**Your objective**:
The reply should hold only the lines from the one with "Audi A5 Sportback" to the one with "We Do Wedo 45101 Cuir Noir*Femme Sandales", both ends kept, exactly as they appear below, without any pictures.

Start of Material for this exercise

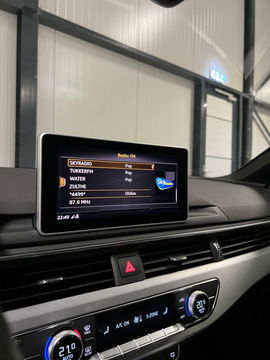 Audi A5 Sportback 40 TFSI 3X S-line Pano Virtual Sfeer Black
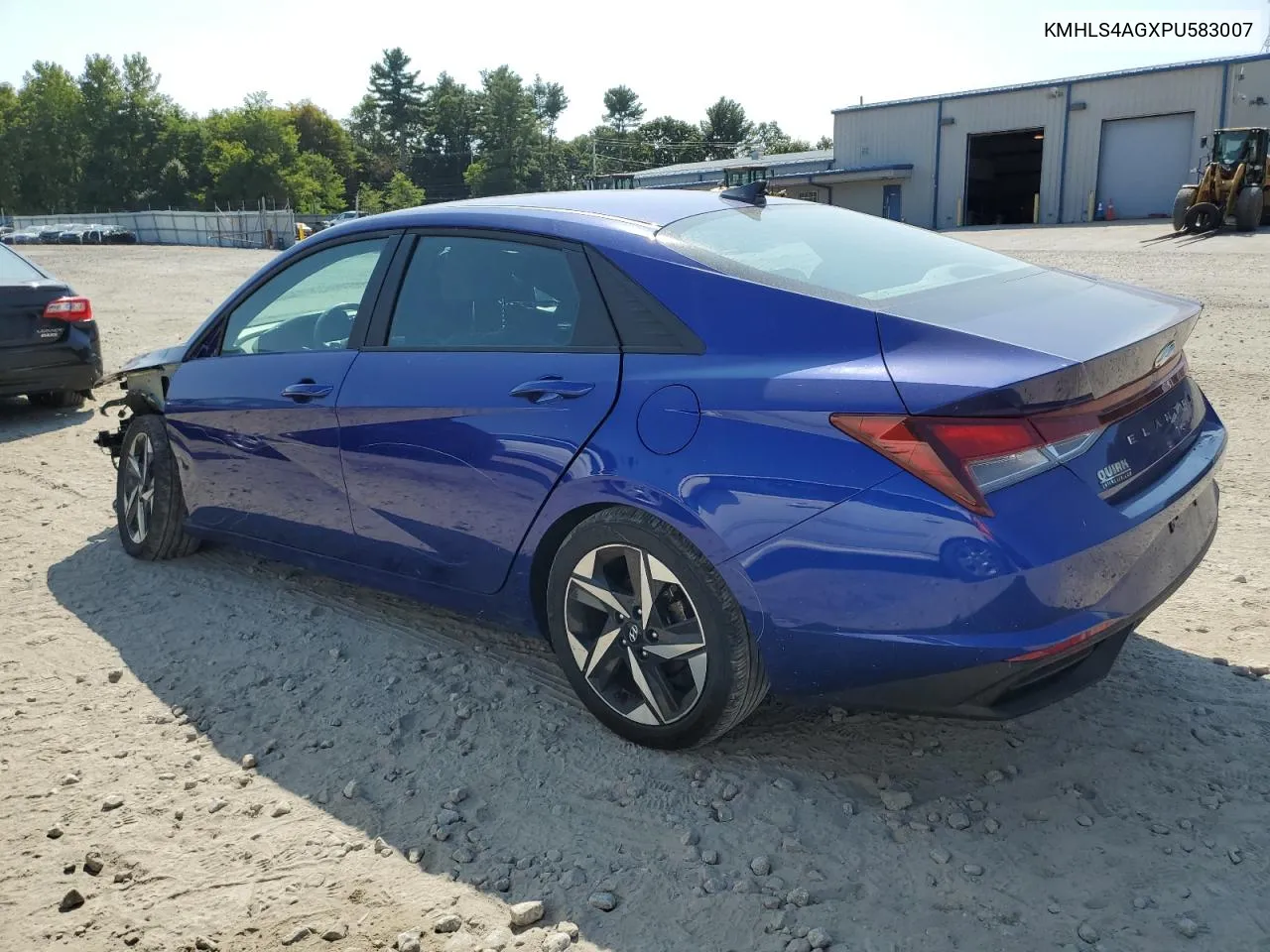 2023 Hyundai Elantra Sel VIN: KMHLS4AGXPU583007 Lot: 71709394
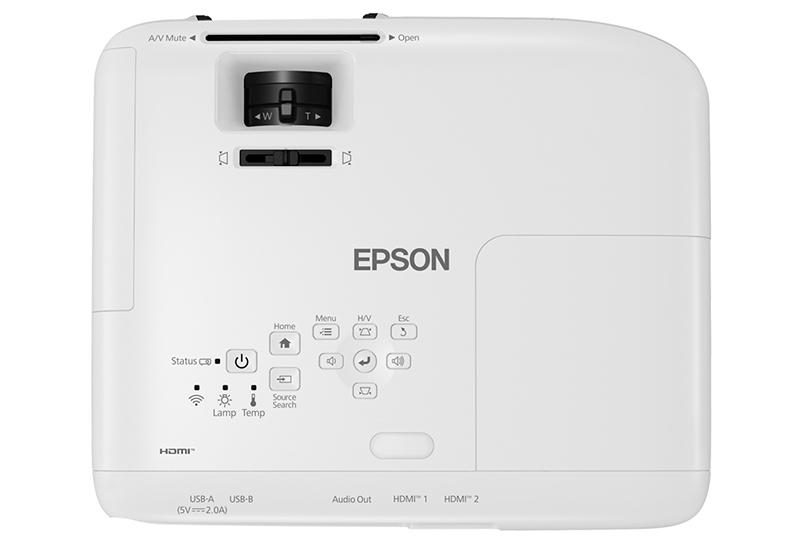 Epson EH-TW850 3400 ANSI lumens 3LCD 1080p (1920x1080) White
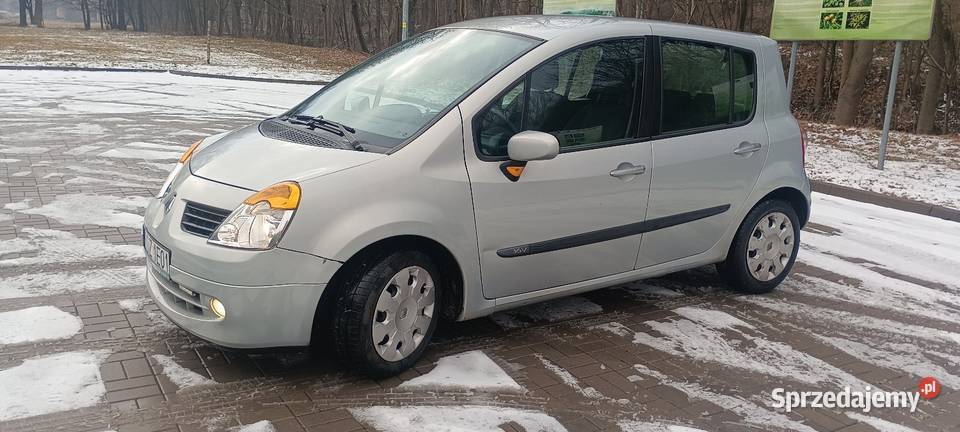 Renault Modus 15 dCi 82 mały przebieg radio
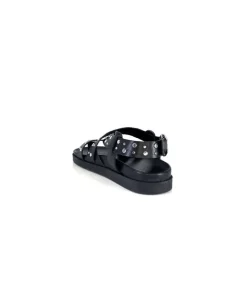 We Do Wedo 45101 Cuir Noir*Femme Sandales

End of Material for this exercise
Start of Material for this exercise

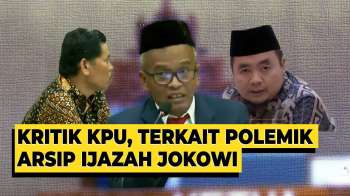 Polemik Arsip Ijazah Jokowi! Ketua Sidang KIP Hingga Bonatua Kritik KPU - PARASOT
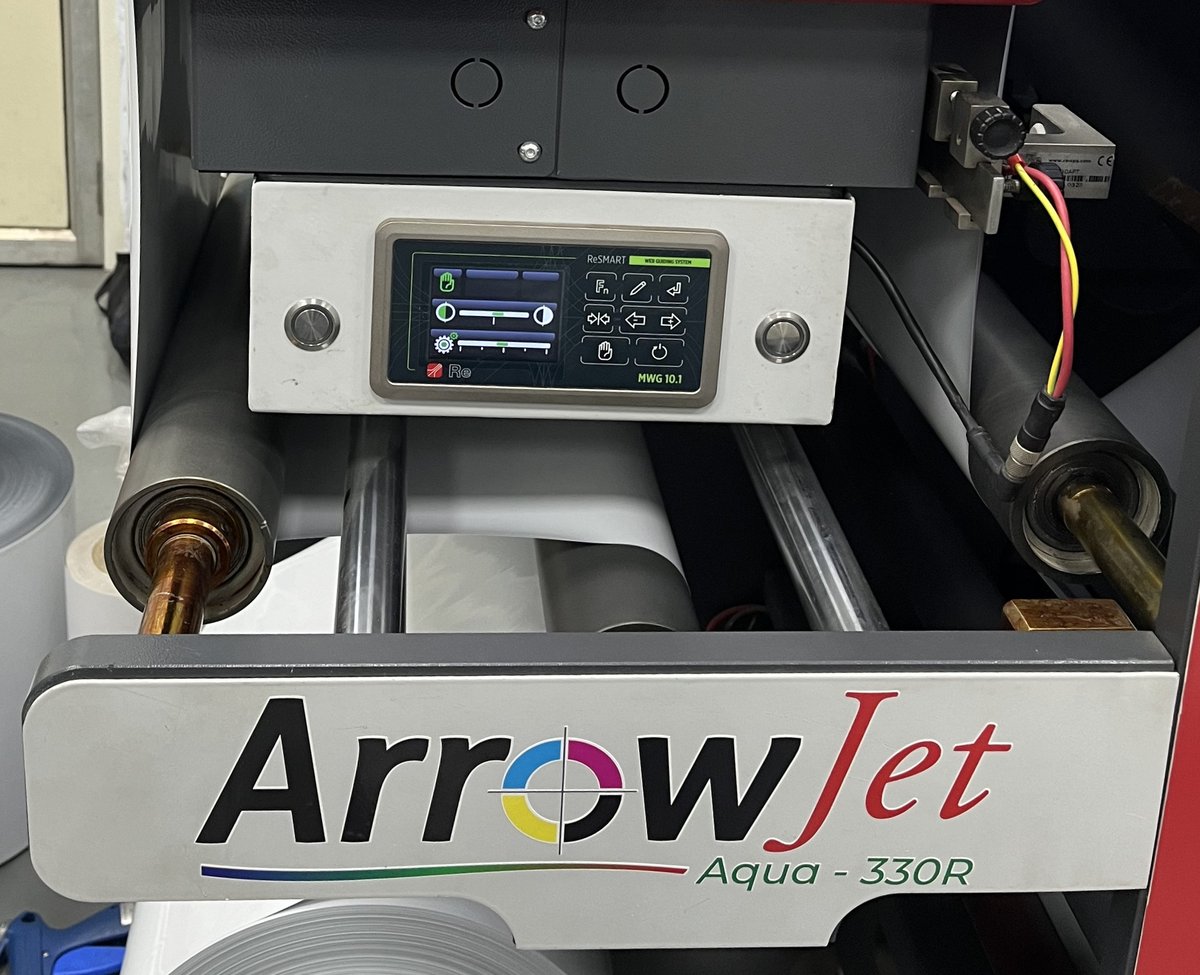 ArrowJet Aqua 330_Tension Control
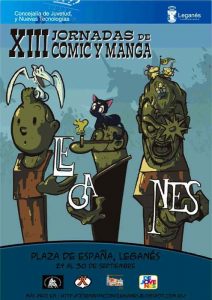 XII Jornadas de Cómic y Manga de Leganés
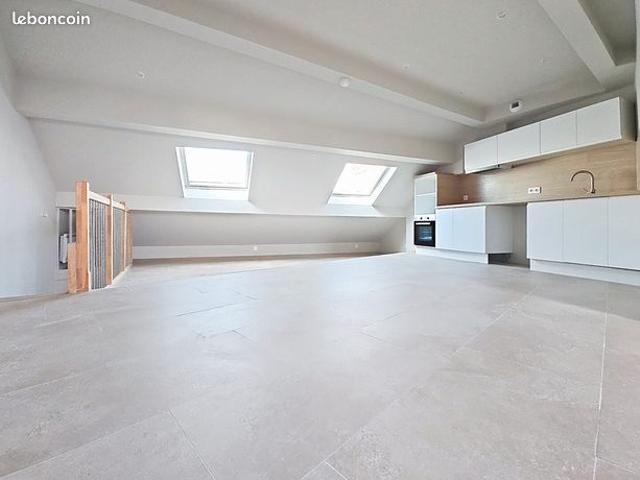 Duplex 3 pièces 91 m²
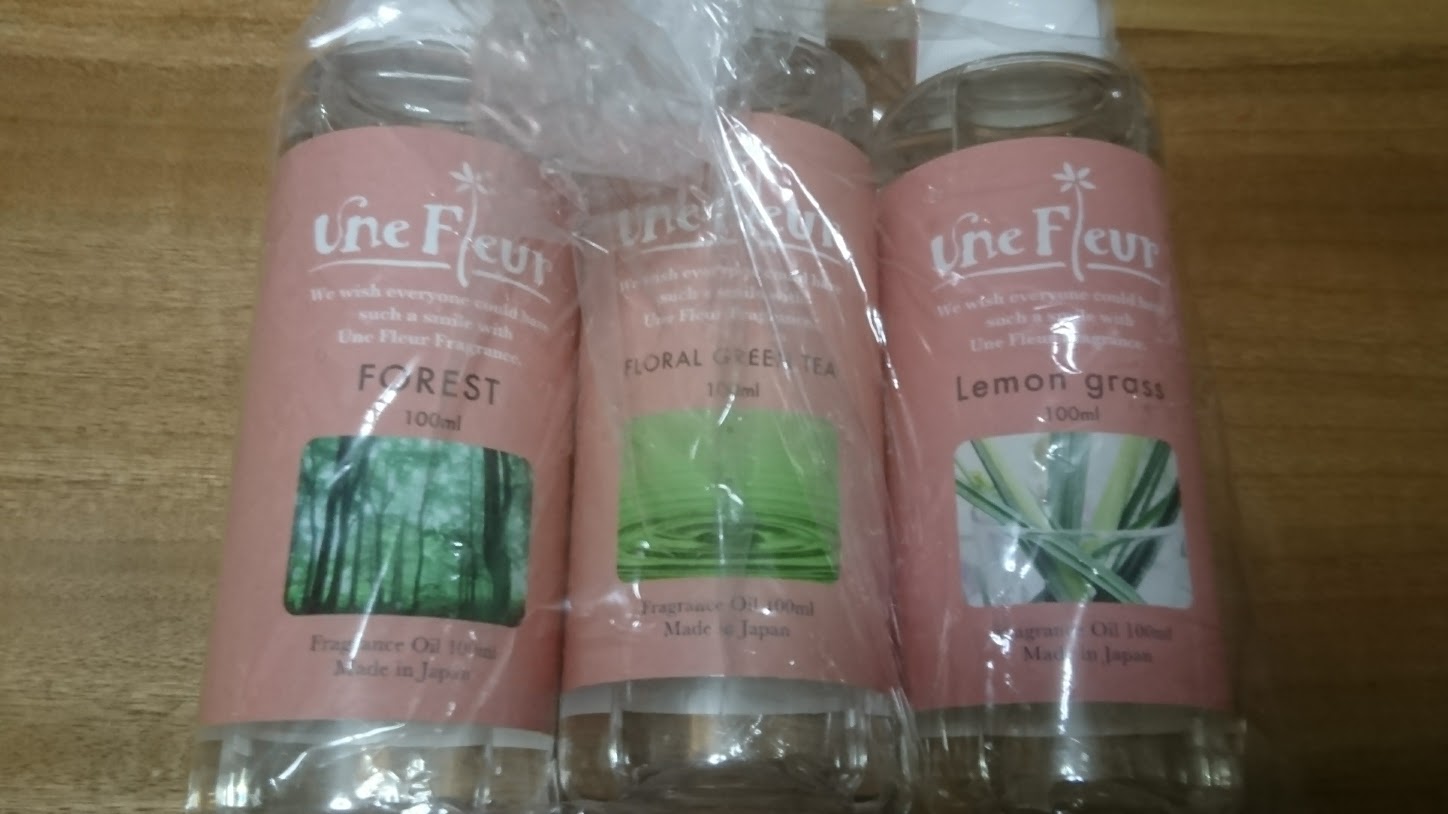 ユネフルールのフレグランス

End of Material for this exercise

**Exercise answer**:
 Audi A5 Sportback 40 TFSI 3X S-line Pano Virtual Sfeer Black
 2023 Hyundai Elantra Sel VIN: KMHLS4AGXPU583007 Lot: 71709394
 Epson EH-TW850 3400 ANSI lumens 3LCD 1080p (1920x1080) White
 Renault Modus 15 dCi 82 mały przebieg radio
 We Do Wedo 45101 Cuir Noir*Femme Sandales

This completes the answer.